Trial Report Investigating the dose-response relationship between music and anxiety reduction: A randomized clinical trial, 2026, Mullen et al

rvallee

Senior Member (Voting Rights)
Investigating the dose-response relationship between music and anxiety reduction: A randomized clinical trial

Abstract​

Anxiety is one of the most frequently reported mental health conditions worldwide, yet access to effective treatments such as medication and cognitive behavioral therapy (CBT) remains limited due to cost, time, and potential side effects. Music-based digital therapeutics, particularly when combined with auditory beat stimulation (ABS), may offer a complementary approach to mainline anxiety treatment by offering acute relief of anxiety symptoms. Prior research suggests that music combined with ABS provides greater anxiety relief than music alone or a pink noise control.

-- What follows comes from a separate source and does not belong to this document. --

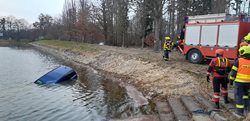 Automobil z rybníka vyprostili hasiči technickým speciálem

This study examined whether this advantage over pink noise could be replicated, as well as whether music with ABS demonstrated a dose-response relationship—operationalized as time spent listening—in the acute relief of anxiety among individuals with moderate trait anxiety who are taking medication to manage their symptoms. We also assessed changes in affect as a secondary outcome. A total of 1,310 participants were recruited via Prolific and completed a pre-screening survey.

Of these, 144 eligible participants were randomly assigned to one of four groups: 24-minute pink noise (control group), 12-minute music with ABS, 24-minute music with ABS, or 36-minute music with ABS. Anxiety and affect were measured before and after the intervention using the STICSA and PANAS, respectively. All music with ABS conditions resulted in greater reductions in anxiety and negative affect compared to the control, replicating earlier findings. The largest reduction in negative affect was observed in the 36-minute condition, which was significantly greater than reduction in the 12-minute condition, suggesting a dose-response effect.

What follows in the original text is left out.